Rowan-Classes/5th-Semester-Fall-2023/EEMAGS/Homework/Homework-05.md

# Homework 5 - Aidan Sharpe

## 1
A nonuniform time-varying electric field given in the cylindrical coordinates by:
$$\vec{E} = \left(3\rho^2 \cot(\varphi) \hat{\rho} + {\cos(\varphi) \over \rho}\hat{\varphi}\right) \sin(3 \times 10^8t) [\text{V/m}]$$

The field is applied to the following homogeneous, isotropic dielectric materials:
1. Teflon
    - $\mu_r = 1$
    - $\varepsilon_r = 2.1$
    - $\sigma = 0$
1. Glass
    - $\mu_r = 1$
    - $\varepsilon_r = 6.3$
    - $\sigma = 0$
1. Sea Water
    - $\mu_r = 1$
    - $\varepsilon_r = 81$
    - $\sigma = 4$[S/m]

### a)
Find the polarization vector, the polarization current density, and the polarization charge density for each material.

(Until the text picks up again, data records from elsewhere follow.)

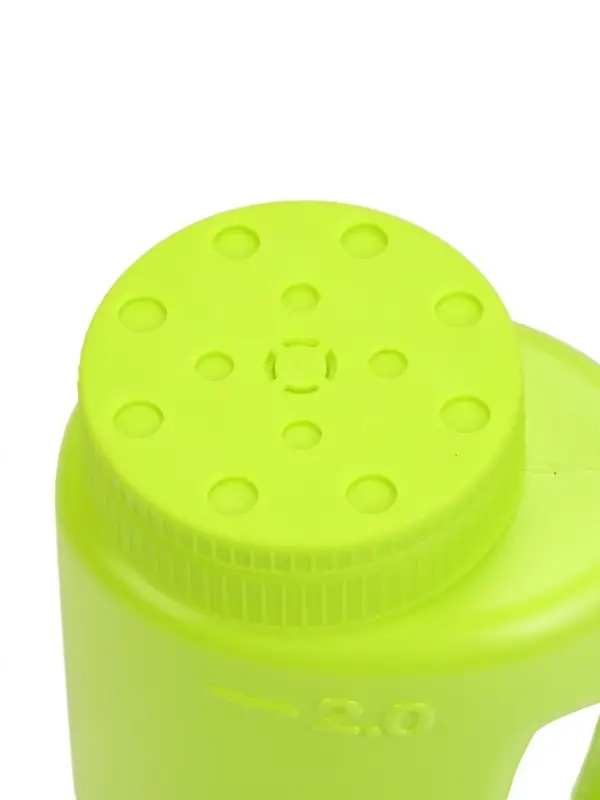 Сеялка ручная для семян и удобрений  ,2 л Сеялка ручная для семян и удобрений  ,2 л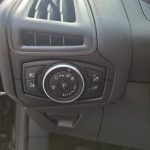 Ford focus - imagine 15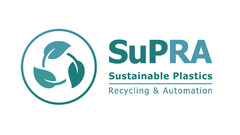 SuPRA Sustainable Plastics Recycling & Automation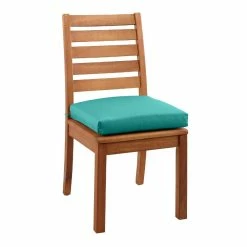 World Market Sunbrella Aruba Canvas Outdoor Chair Cushion 9 World Market Sunbrella Aruba Canvas Outdoor Chair Cushion -Outdoor Elegant Store unnamed file 1624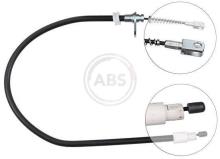A.B.S. ALL BRAKE SYSTEMS BV. K13046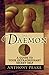 The Daemon: A Guide to Your Extraordinary Secret Self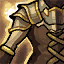 Владение Броней Разбойника · Rogue's Armor Mastery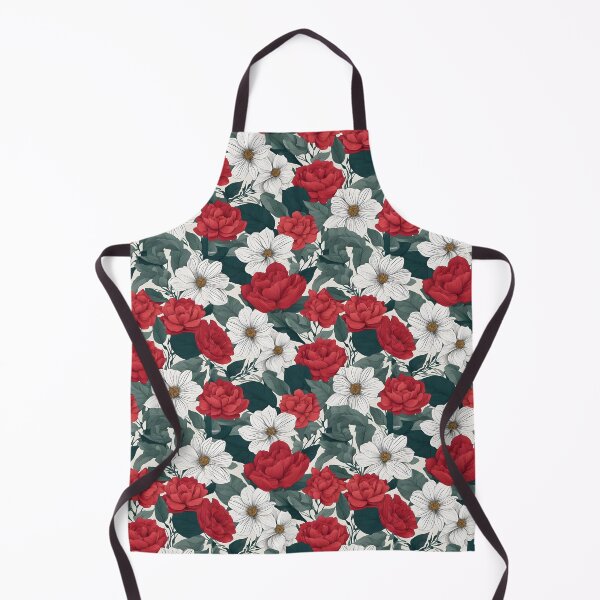 Item preview, Wonderful Botanical Charm designed and sold by theredsharp.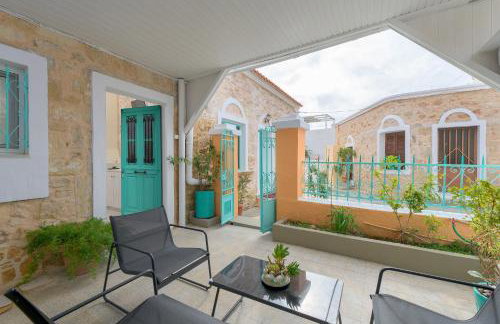 Rhodes Heaven Jasmine - Photo 1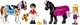 LEGO® Friends 41126 - Heartlake lovasklub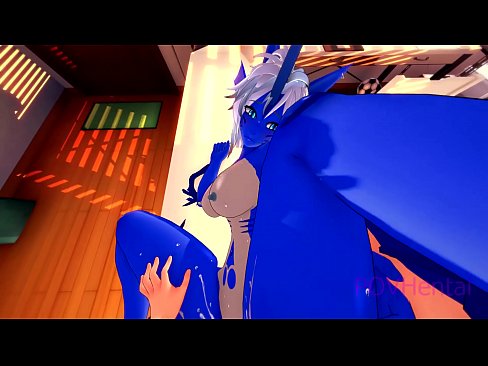 ❤️ Monstruo de la chica de los peces del demonio ❤️ Video de sexo en es.myastro.top ❌️❤️❤️❤️❤️❤️❤️❤️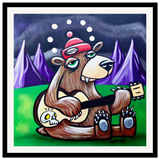 2f49ee30-db90-4dd7-9868-09d4b04baa96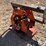 hoe-pack-8700c-image-1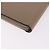 Céline CELINE Langbeutel aus Leder Beige Silber Authentisch 180966A - Ansicht 15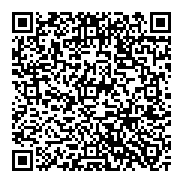 大安區法拍屋首泰信義信義路四段257號28樓捷運信義安和站-QR CODE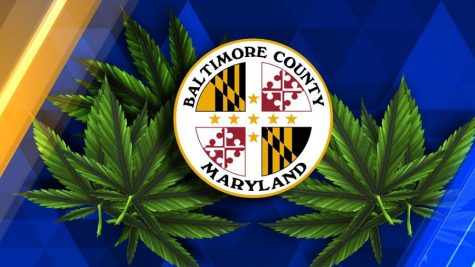 Baltimore’s top prosecutor files petition to eliminate almost 4,000 cannabis convictions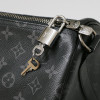 LOUIS VUITTON Keepall 55 Monogram Éclipse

$$\vec{P} = \varepsilon_0 \chi_e \vec{E}$$
$$\chi_e = \varepsilon_r - 1$$
$$\vec{J}_p = {\partial \over \partial t} \vec{P}$$
$$\rho_p = - \nabla \cdot \vec{P}$$

In cylindrical coordinates:
$$\nabla = {1\over\rho}{\partial (\rho A_\rho) \over \partial \rho} + {1\over\rho}{\partial A_\varphi \over \partial \varphi} + {\partial A_z \over \partial z}$$

For teflon:
$$\vec{P} = \varepsilon_0 (2.1 - 1) \left(9\rho^2 \cot(\varphi) \hat{\rho} + {\cos(\varphi) \over \rho^2}\hat{\varphi}\right) \sin(3 \times 10^8t)$$
$$\vec{J}_p = (3\times10^8)\varepsilon_0 (2.1 -1)\left(9\rho^2 \cot(\varphi) \hat{\rho} + {\cos(\varphi) \over \rho^2}\hat{\varphi}\right) \cos(3 \times 10^8t)$$
$$\nabla \cdot \vec{P} = 1.1 \varepsilon_0 \sin(3\times10^8t)\left[{\partial \over \partial \rho} 9\rho^2\cot(\varphi) + {\partial \over \partial \varphi} {1\over\rho^2}\cos(\varphi)\right]$$
$$\rho_p = 1.1 \varepsilon_0 \sin(3 \times 10^8) \left[-18 \rho \cot(\varphi) + {1\over\rho^2} \sin(\varphi)\right]$$


For glass:
$$\vec{P} = \varepsilon_0(6.3 - 1) \left(9\rho^2 \cot(\varphi) \hat{\rho} + {\cos(\varphi) \over \rho^2}\hat{\varphi}\right) \sin(3 \times 10^8t)$$
$$\vec{J}_p = (3\times10^8)\varepsilon_0 (6.3 -1)\left(9\rho^2 \cot(\varphi) \hat{\rho} + {\cos(\varphi) \over \rho^2}\hat{\varphi}\right) \cos(3 \times 10^8t)$$
$$\nabla \cdot \vec{P} = 5.3 \varepsilon_0 \sin(9\times10^8t)\left[{\partial \over \partial \rho} 9\rho^2\cot(\varphi) + {\partial \over \partial \varphi} {1\over\rho^2}\cos(\varphi)\right]$$
$$\rho_p = 5.3 \varepsilon_0 \sin(9 \times 10^8) \left[-18 \rho \cot(\varphi) + {1\over\rho^2} \sin(\varphi)\right]$$

For sea water:
$$\vec{P} = \varepsilon_0(81 - 1) \left(9\rho^2 \cot(\varphi) \hat{\rho} + {\cos(\varphi) \over \rho^2}\hat{\varphi}\right) \sin(3 \times 10^8t)$$
$$\vec{J}_p = (3\times10^8)\varepsilon_0 (81 -1)\left(9\rho^2 \cot(\varphi) \hat{\rho} + {\cos(\varphi) \over \rho^2}\hat{\varphi}\right) \cos(3 \times 10^8t)$$
$$\nabla \cdot \vec{P} = 80 \varepsilon_0 \sin(3\times10^8t)\left[{\partial \over \partial \rho} 9\rho^2\cot(\varphi) + {\partial \over \partial \varphi} {1\over\rho^2}\cos(\varphi)\right]$$
$$\rho_p = 80 \varepsilon_0 \sin(3 \times 10^8) \left[-18 \rho \cot(\varphi) + {1\over\rho^2} \sin(\varphi)\right]$$

### b)
Find the ratio of the conduction to the displacement currents in the sea water.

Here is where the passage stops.